Fatherhood has become one of the primary reasons I’ve changed over the last year.  It’s been a role and relationship most potent in making me into someone else.

It’s amazing how different I see things because I’m a dad.  I look at outlets differently.  I watch television wondering if this is something I want my son to remember.  I listen to the radio with an ear toward what will aide me in being a better parent.  I drive slower because I’m always thinking that my son is behind me, even when he’s not.  That seat presses into my shoulder, always a reminder that the car is tight, yes, but also that my boy could be there.  Indeed he is there in some way.

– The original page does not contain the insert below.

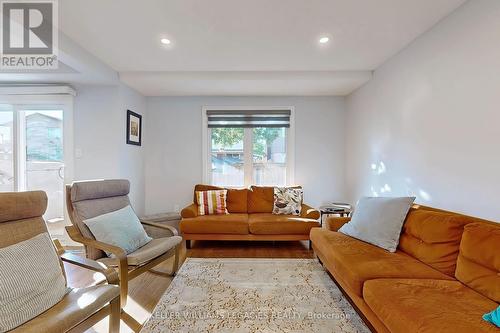 24 Blossom Avenue, Brampton (Downtown Brampton), ON - Indoor Photo Showing Living Room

I have a lot of reasons to change from one year to the next.  I want to be a good husband, a great one, because it pleases my wife.  I want to be a great teacher, one who listens and learns with students.  I can go on about how that same thing applies to my work in the church.  But a huge area of motivation is the simple, ever-present identity I have as a father.  I’m not just a man anymore.  I’m Bryce’s father.

When he was born, I heard somebody say something to the effect that kids were a parent’s replacement.  It stuck out.  I still remember the language, though I can’t place it or tell you who said it.  But it got me wondering what kind of person I was.  Other things pressed the same point: a friend’s piercing question; a minister’s sermon; something I read; my own prayer.  But being a father is one of those daily reminders.  What would be my replacement’s assessment of me?  What was my own self-assessment as I thought about who my son was and who I was to him?

I’m changing, being reconstructed, because of fatherhood.  Most times I don’t like the process.  It hurts my ego, more than bruising my pride.  It’s pulling up the roots and foundations of who I was in a way that a tiny number of other experiences have.  On my best days I’m grateful for the entirety of the construction zone.  But then there are, also, my worse days.